Wednesday, October 7, 2009

Charles Platt and others came up with a design for a new standard lodge flap. The design incorporated many of the traditional symbols but went back to using the Audubon parakeet from the original Arrowhead. The first attempt at getting a standard flap came back from the company minus several corrections that were supposed to have been made to the original artwork. For example, the original design had a black arrowhead but this was supposed to be changed to a traditional gray one. The fleur-de-lis was also originally drawn yellow but should have been changed to gold. In addition the colors on the bird included a lime yellow making the bird look sick. The brothers aptly named this flap the “Puke” flap after the ill parakeet on the flap. The lodge sold out the 300 flaps ordered beginning prior to the Dixie in April of 1983 until Autumn fellowship of 1983.

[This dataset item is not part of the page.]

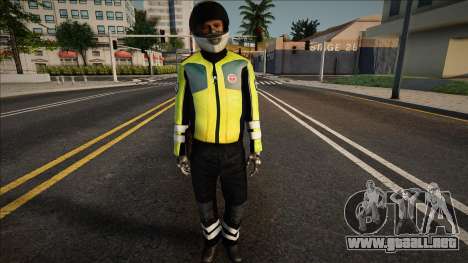 Inspector del batallón motorizado de la policía  para GTA San Andreas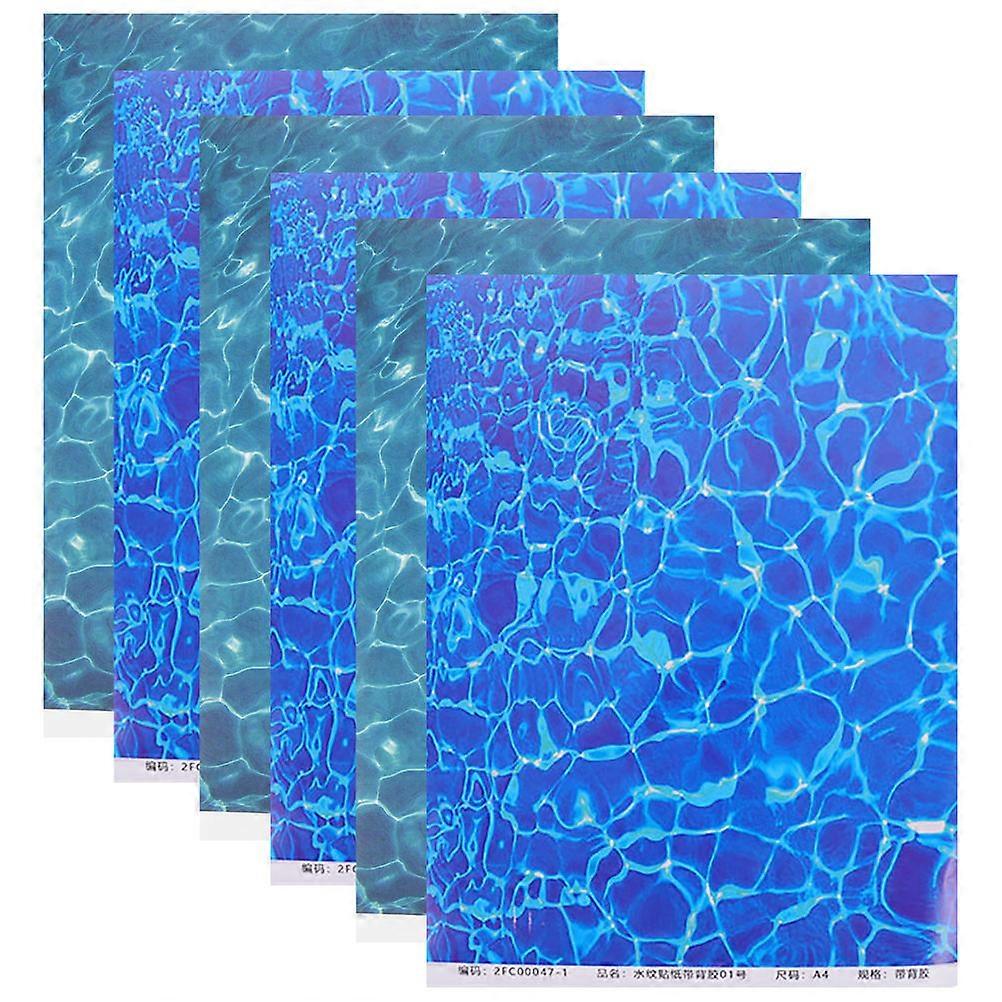 Lifelike Water Texture Paper Supporting Creative Expression in Model Building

It was during this time that the lodge changed the company it was ordering its patches from. Four events happened back to back that caused the lodge to stop ordering its patches from Lion Brothers to a new company named Midwest Swiss. The first event was the Puke flap which was a mistake by the company. The next botched order was the Dixie Fellowship patches in 1983.  The parakeet came back looking “albino” because most of its body was white. In addition the patch was supposed to be shaped like the 1965 Dixie patch but it was more of a large acorn. The final mistake was the Dixie Set-up patch that the lodge put out. It was supposed to be the same size as the Dixie patch but was smaller.

By the spring of 1984 the lodge began to sell its new standard flap made by Midwest Swiss. It was the corrected version of the Puke. The flap, or the “Current” as it was called, brought a standard issue to the lodge. The Current survived for 12 years as the flap of the lodge. At least 4 different times new flap designs were proposed during business meetings but the old bird wouldn’t leave.  Today it is called the Burping Parakeet (or BP). This affectionate name comes from the fact that the bird has its head cocked back as if it is belching (although it is actually eating in the Audubon print).